The Game of Telephone about the Election Hacking Review
This morning, the White House announced that Obama has ordered a review of election-related hacking, to be completed before Donald Trump takes over. I want to capture the varying descriptions of what the review will entail.
Politico: The review will look at the hacks blamed on the Russians this year and malicious cyber activity (publicly understood to be China in 2008 and someone else in 2012) going back to 2008
The review will put the spate of hacks — which officials have blamed on Russia — “in a greater context” by framing them against the “malicious cyber activity” that may have occurred around the edges of the 2008 and 2012 president elections, said White House principal deputy press secretary Eric Schultz at a briefing.
“This will be a review that is broad and deep at the same time,” he added.
In 2008, the campaigns for both Sen. John McCain (R-Ariz.) and Obama were bombarded by suspected Chinese hackers, according to U.S. intelligence officials. The digital intruders were reportedly after internal policy papers and the emails of top advisers.
And in 2012, Gawker reported that hackers had broken into Republican presidential candidate Mitt Romney’s personal Hotmail account after correctly answering his backup security question: “What is your favorite pet?”
“We will be looking at all foreign actors and any attempt to interfere with the elections,” Schultz said.
WaPo: The review will be a “full review” of Russian hacking during the November election
President Obama has ordered a “full review” of Russian hacking during the November election, as pressure from Congress has grown for greater public understanding of exactly what Moscow did to interfere in the electoral process.
U.S. intelligence and law enforcement agencies had already been probing what they see as a broad covert Russian operation to sow distrust in the presidential election process.
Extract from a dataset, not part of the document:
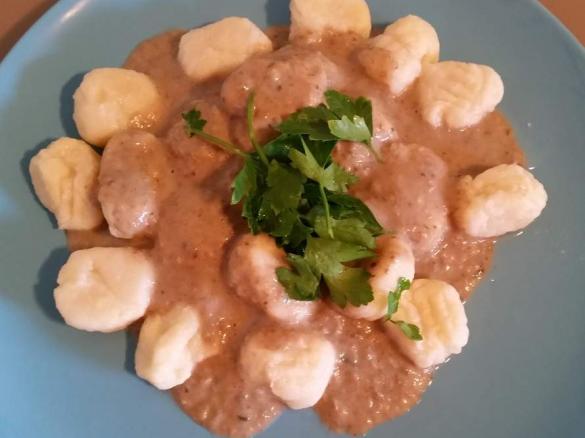 Gnocchi with mushroom and sage sauce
It was their briefings of senior lawmakers that led a number of them to press for more information to be made public.
Though Russia has long conducted cyberspying on U.S. agencies, companies and organizations, this presidential campaign marks the first time Russia has attempted through cyber means to interfere in, if not actively influence, the outcome of an election, the officials said.
CNN: The review will look at “hacking by the Russians aimed at influencing US elections going back to 2008” (CNN notes that the IC “never said there was strong evidence that [hacks of voter registration systems were] tied to the Russian government”)
President Barack Obama has ordered a full review into hacking by the Russians aimed at influencing US elections going back to 2008, the White House said Friday.
“The President has directed the Intelligence Community to conduct a full review of what happened during the 2016 election process. It is to capture lessons learned from that and to report to a range of stakeholders,” White House Homeland Security and Counterterrorism Adviser Lisa Monaco said at a Christian Science Monitor breakfast with reporters Friday. “This is consistent with the work that we did over the summer to engage Congress on the threats that we were seeing.”
White House spokesman Eric Schultz added later that the review would encompass malicious cyber activity related to US elections going back to 2008. [my emphasis]
Wikileaks (relying on the CNN story): The review will look at Wikileaks
CNN: Obama orders report into WikiLeaks timed for release just prior to Trump presidency
NYT: The review will look at all Russian efforts to influence the 2016 election, including publishing email contents and probing the “vote-counting system” (presumably a reference to voter lists that have nothing to do with vote counting)
President Obama has ordered American intelligence agencies to produce a full report on Russian efforts to influence the 2016 presidential election, his homeland security adviser said on Friday. He also directed them to develop a list of “lessons learned” from the broad campaign the United States has accused Russia of carrying out to steal emails, publish their contents and probe the vote-counting system.